-- DATA FOR REVIEW follows --
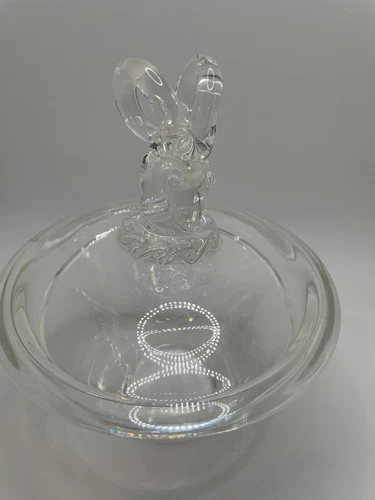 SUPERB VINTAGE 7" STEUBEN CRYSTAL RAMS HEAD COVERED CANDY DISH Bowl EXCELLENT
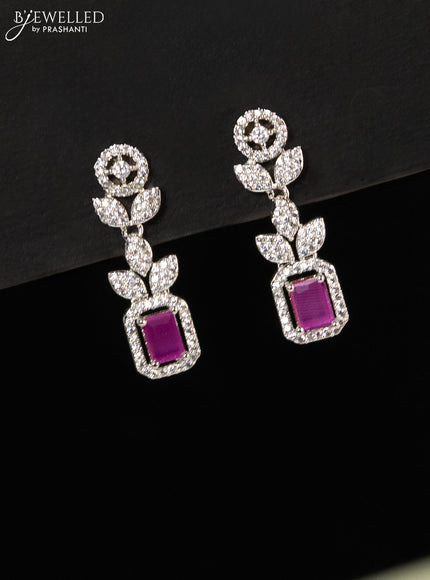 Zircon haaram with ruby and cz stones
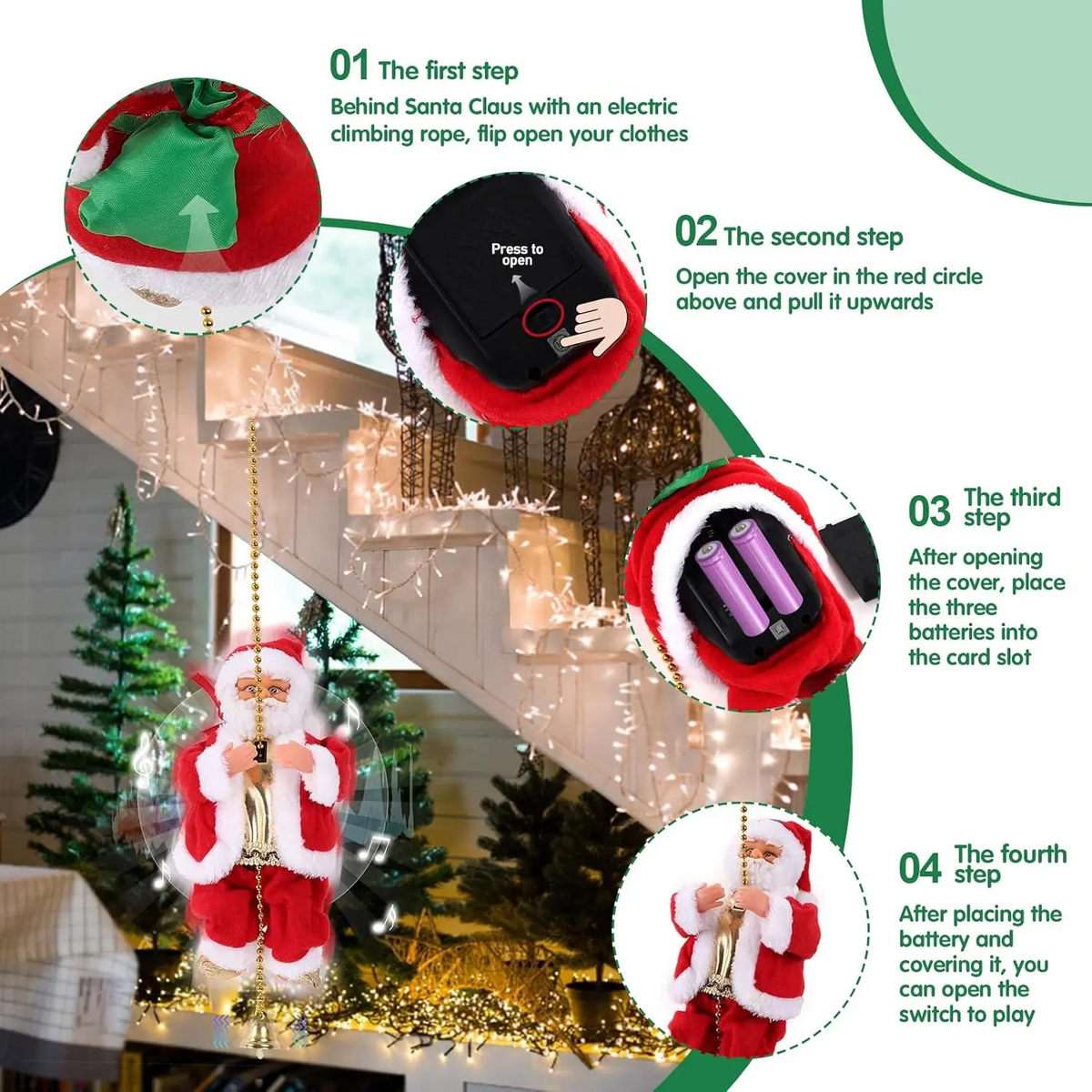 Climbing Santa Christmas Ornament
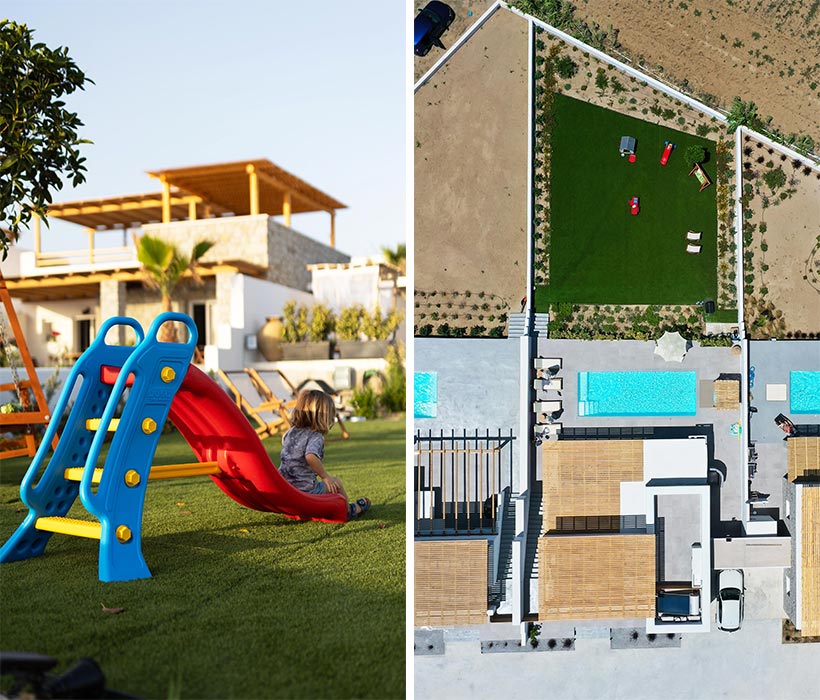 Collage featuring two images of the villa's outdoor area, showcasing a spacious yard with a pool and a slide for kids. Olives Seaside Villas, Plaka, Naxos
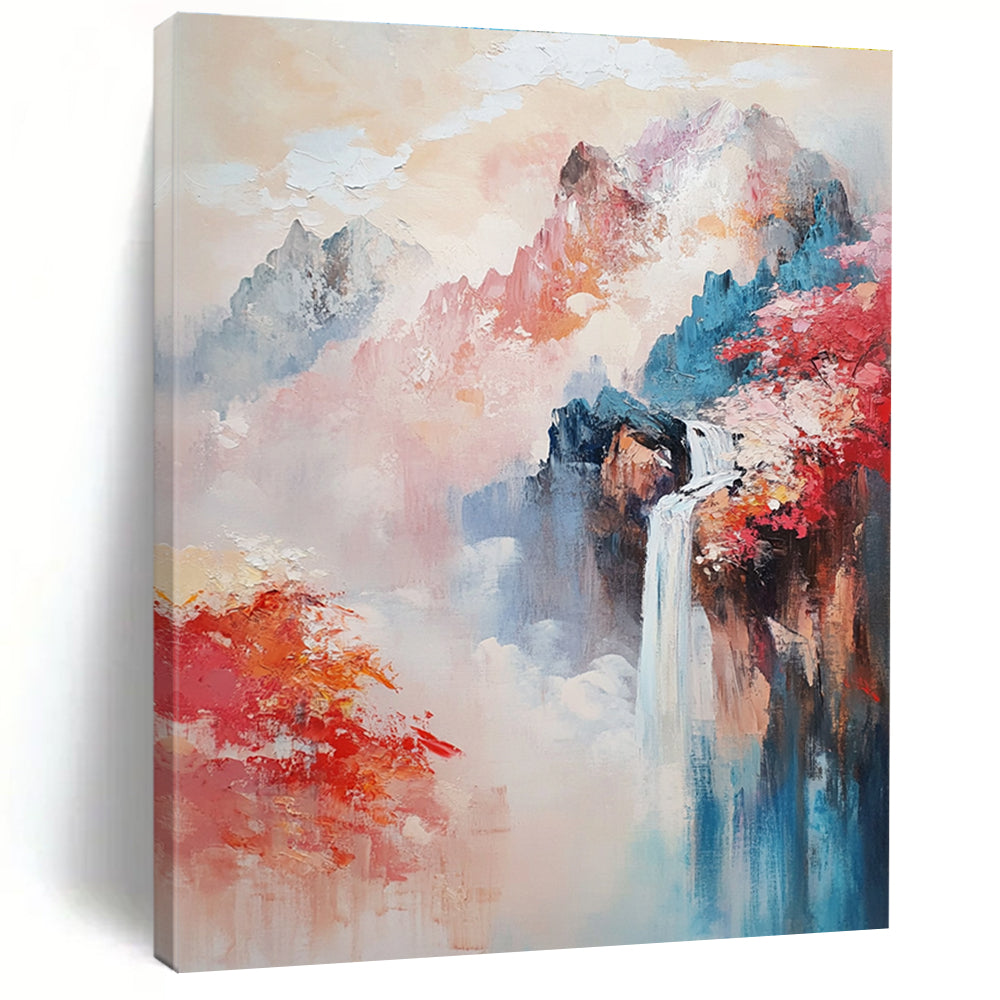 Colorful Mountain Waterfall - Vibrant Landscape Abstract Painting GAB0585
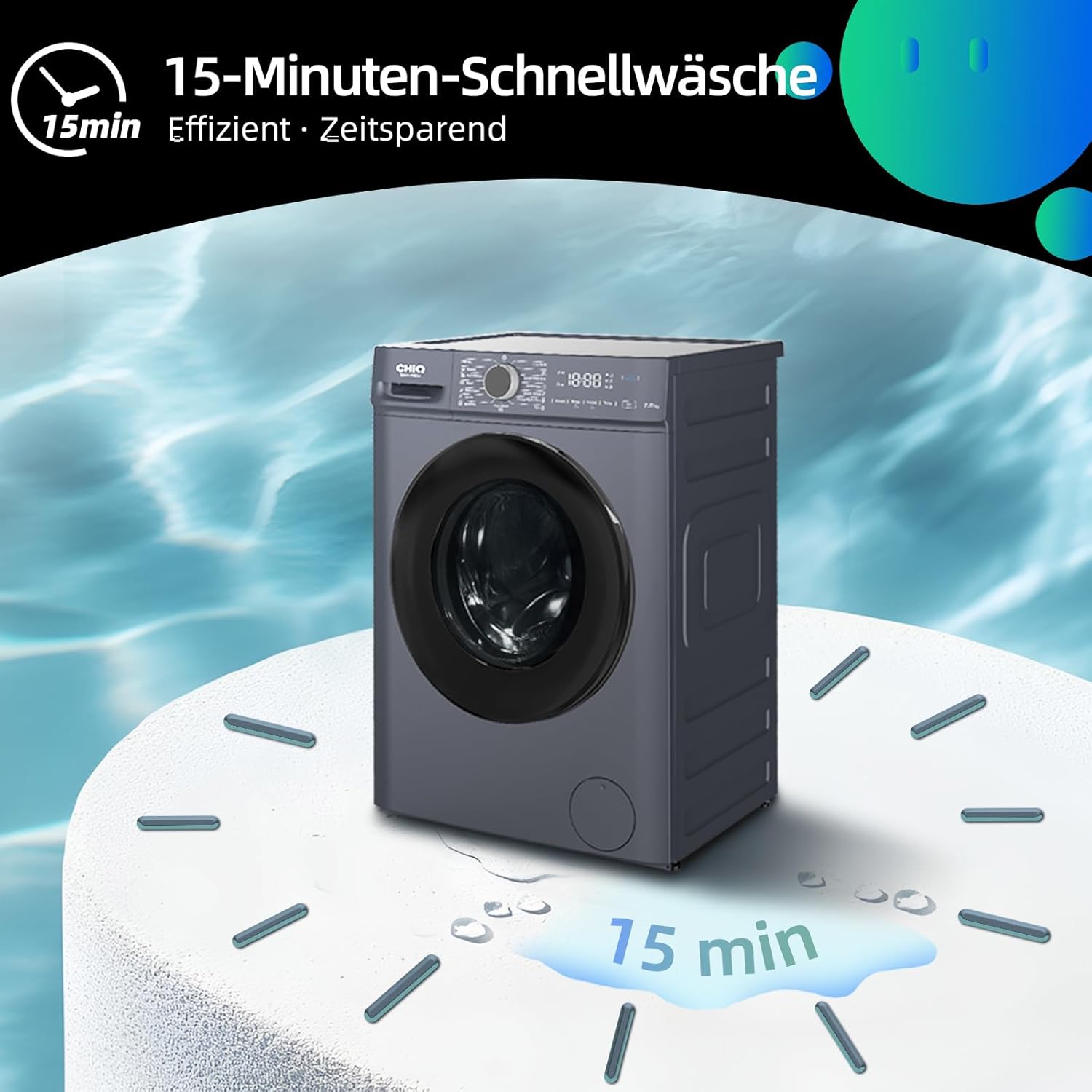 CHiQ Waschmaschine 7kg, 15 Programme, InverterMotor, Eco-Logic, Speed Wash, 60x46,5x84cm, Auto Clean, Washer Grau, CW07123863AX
-- DATA FOR REVIEW concluded --
=== WORK INSTRUCTION ===
All lines above starting at the one with "Climbing Santa Christmas Ornament" and ending at the one with "Colorful Mountain Waterfall", inclusive, are to be printed again exactly, with the pictures left out.

=== PROBLEM SOLUTION ===
 Climbing Santa Christmas Ornament
 Collage featuring two images of the villa's outdoor area, showcasing a spacious yard with a pool and a slide for kids. Olives Seaside Villas, Plaka, Naxos
 Colorful Mountain Waterfall - Vibrant Landscape Abstract Painting GAB0585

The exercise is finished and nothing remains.